Comparative Example 2
The procedure was the same as Comparative Example 1, except that cinnamon (total alkaloid content 0.7% or more) was used as a medicinal plant.

Comparative Example 3
Comparative Example 2 was performed except that 50 mg / l of GSSG was added to the medium.
Table 2 shows the rooting rate per each test section after 6 weeks.
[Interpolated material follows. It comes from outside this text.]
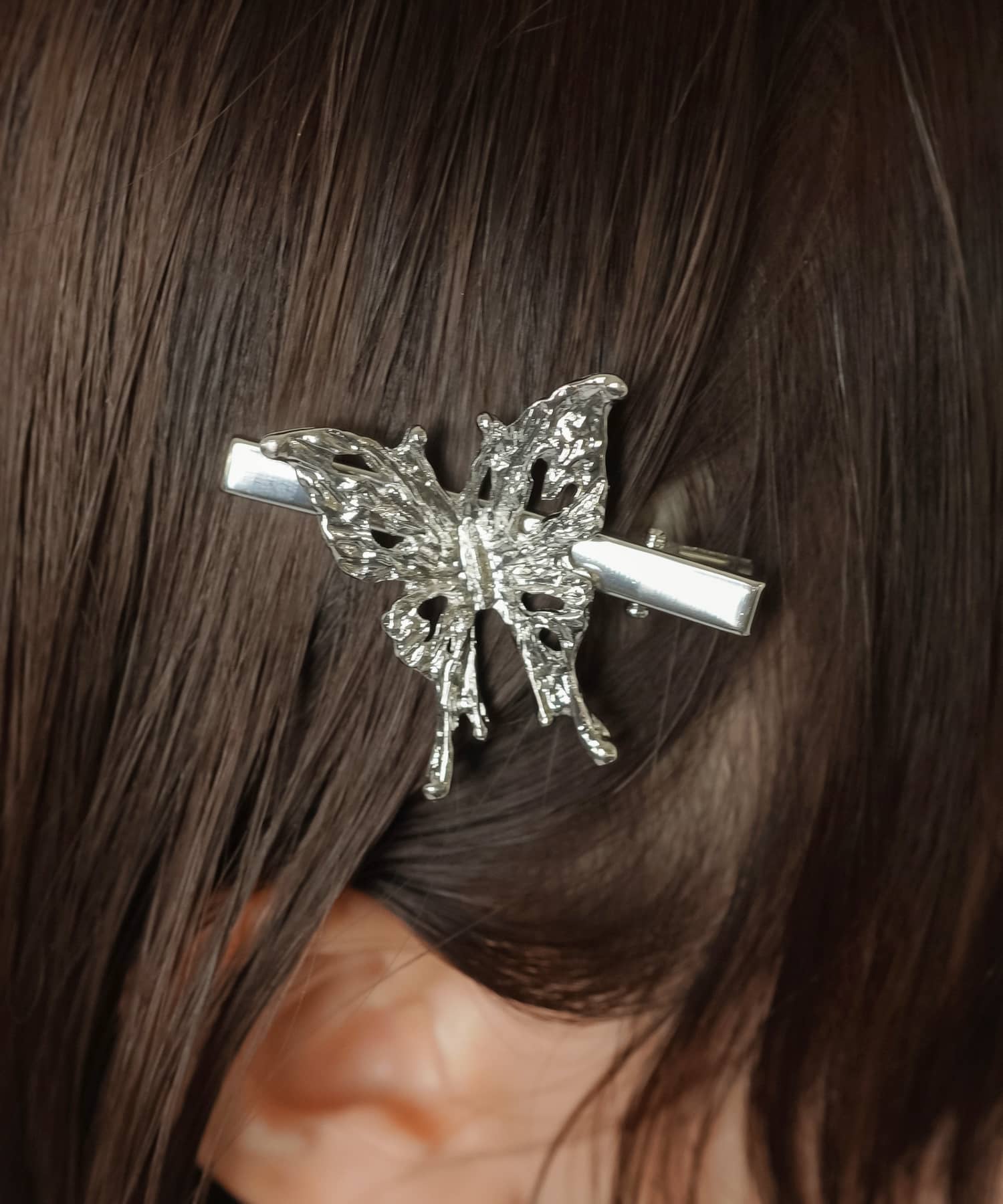 88%OFF】アクリルヘアクリップ/ヘアピン/羽根/ウイング/#ウィッシュ
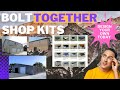🚀 Level Up Your Workspace! 40x50 Gable Roof Shop Kit – Build the Ultimate Shop 🛠️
  As shown in Table 2, the rooting rates of Examples 3 and 4 were higher than those of Comparative Examples 2 and 3. This result shows that the rooting rate of cuttings of plants that accumulate secondary metabolites can be increased by the production method of the present invention.

Claims (4)

A method for producing cuttings for seedlings of a plant that accumulates secondary metabolites, comprising a step of rooting from cuttings under conditions of light intensity of 120 to 270 μmol / m ² / sec and humidity of 60% Rh or higher.   The production method according to claim 1, wherein the carbon dioxide concentration in the step of rooting from the cutting is 500 to 1500 ppm.   The production method according to claim 1 or 2, wherein the plant that accumulates secondary metabolites is a medicinal plant.   The production method according to any one of claims 1 to 3, wherein the step of rooting from the cuttings is performed in a culture vessel.